Microsoft is building a roughly 2-gigawatt data center campus in Pecos, Texas, and pairing it with its own on-site natural gas plant rather than leaning on the regional power grid. According to The Decoder, the project ranks as one of the largest single capacity additions in the company's history.
The scale is hard to overstate: two gigawatts is enough electricity to power a mid-sized city. Building dedicated generation alongside the servers lets Microsoft sidestep the wait times, congestion, and price swings that come with connecting massive new loads to a public grid increasingly strained by the AI boom.
Microsoft is also trying to head off resistance from the community. In an open letter described by The Decoder, the company promises stable power prices and minimal water use, directly addressing the kind of local backlash that has already killed dozens of data center proposals elsewhere. Water and electricity demands have become flashpoints as tech firms race to build AI infrastructure.
The energy side of the deal is drawing attention too.
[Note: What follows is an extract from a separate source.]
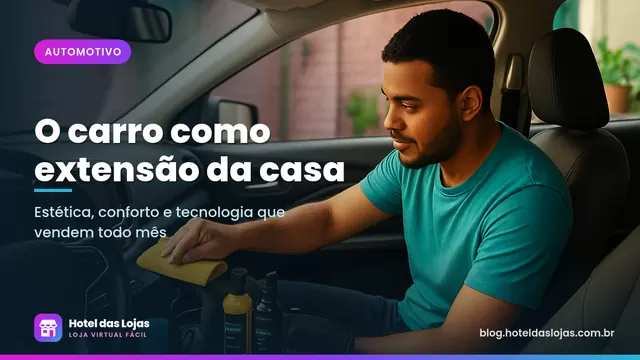 Homem limpa o painel do carro na garagem, com ceras, flanelas, aspirador portátil e suporte de celular no porta-malas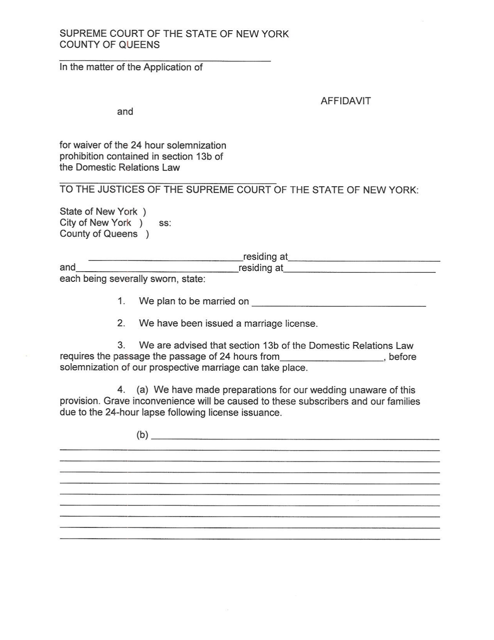 Marriage Waiver Affidavit - Queens County, New York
According to The Globe and Mail, Chevron is building a massive power plant to support a Microsoft AI data center, a sign of how deeply traditional oil and gas companies are now tied to the computing industry's expansion.
Why it matters: the project signals that the biggest AI players may increasingly bypass public grids and build their own fossil-fueled power, reshaping where energy comes from, who pays for it, and how much carbon the AI era ultimately burns.